## PROBLEM REQUIREMENTS:
Once you find the line containing "MI PRIMERA BIBLIA" in the data below, copy it and each following line exactly, up to and including the line containing "Apartman Aischa Nova Varoš Esterno foto", and nothing else.

## LISTED ENTRIES:
———
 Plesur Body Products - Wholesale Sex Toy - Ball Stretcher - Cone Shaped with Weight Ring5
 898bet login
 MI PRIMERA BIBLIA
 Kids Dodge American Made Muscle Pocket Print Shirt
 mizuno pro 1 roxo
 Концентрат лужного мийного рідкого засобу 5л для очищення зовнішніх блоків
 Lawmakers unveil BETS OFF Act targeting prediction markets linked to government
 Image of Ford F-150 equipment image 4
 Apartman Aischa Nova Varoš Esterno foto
———
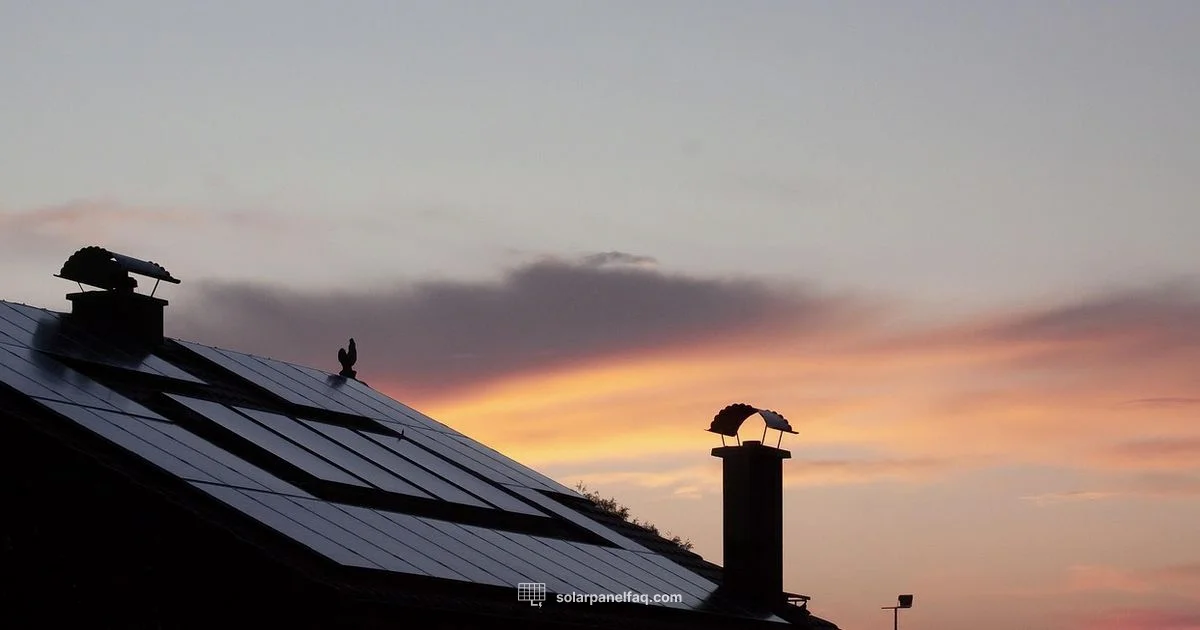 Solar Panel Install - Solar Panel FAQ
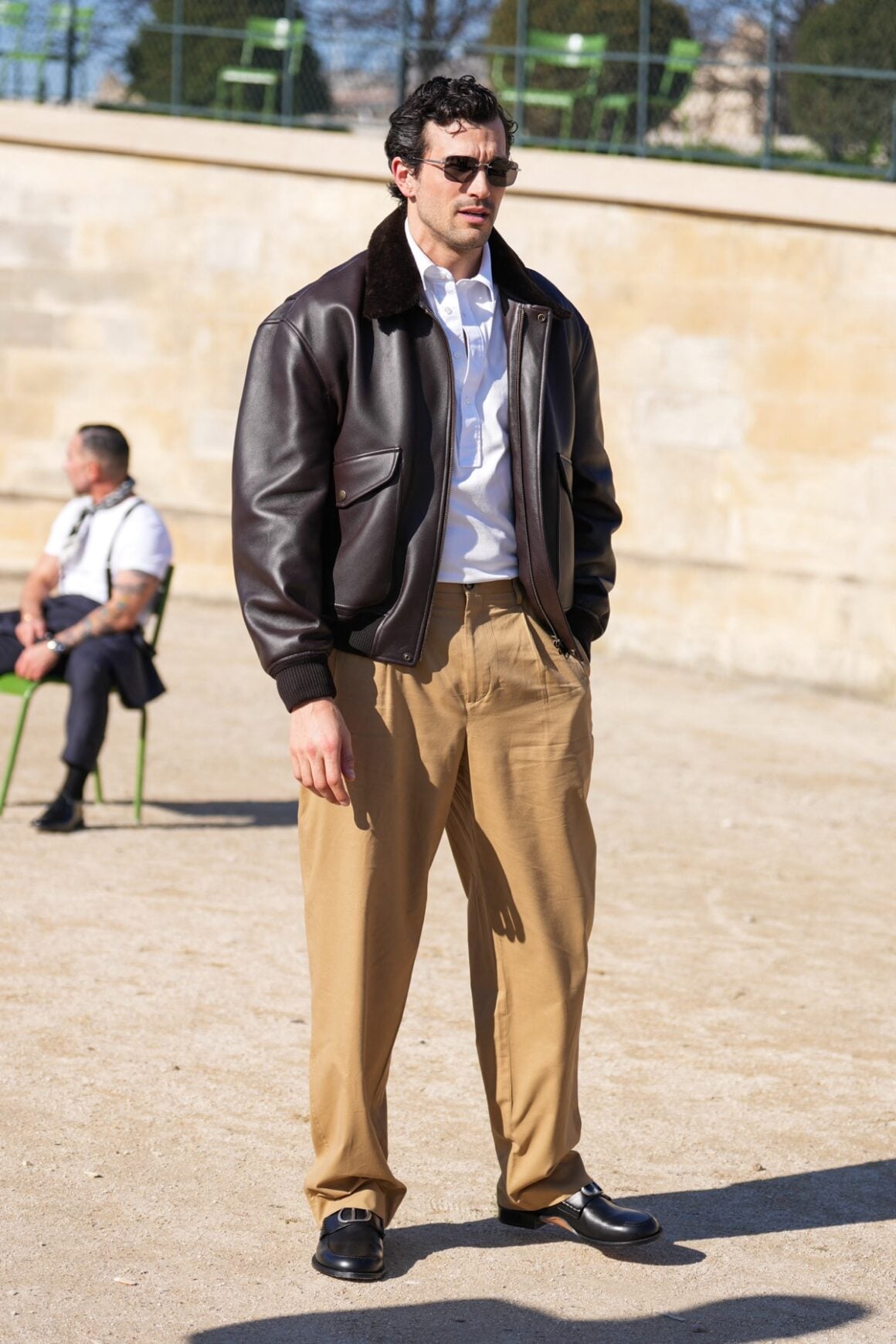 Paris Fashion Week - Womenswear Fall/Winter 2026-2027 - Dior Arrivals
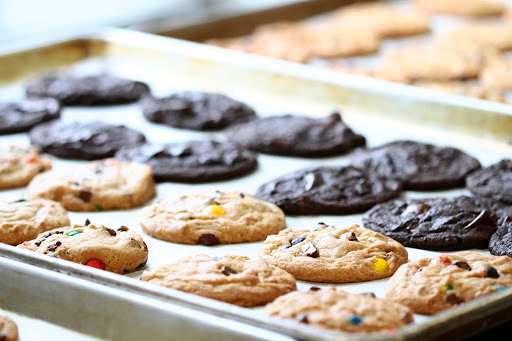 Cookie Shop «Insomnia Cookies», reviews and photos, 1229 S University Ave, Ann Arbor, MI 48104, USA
———
## ANSWER BOX:
 MI PRIMERA BIBLIA
 Kids Dodge American Made Muscle Pocket Print Shirt
 mizuno pro 1 roxo
 Концентрат лужного мийного рідкого засобу 5л для очищення зовнішніх блоків
 Lawmakers unveil BETS OFF Act targeting prediction markets linked to government
 Image of Ford F-150 equipment image 4
 Apartman Aischa Nova Varoš Esterno foto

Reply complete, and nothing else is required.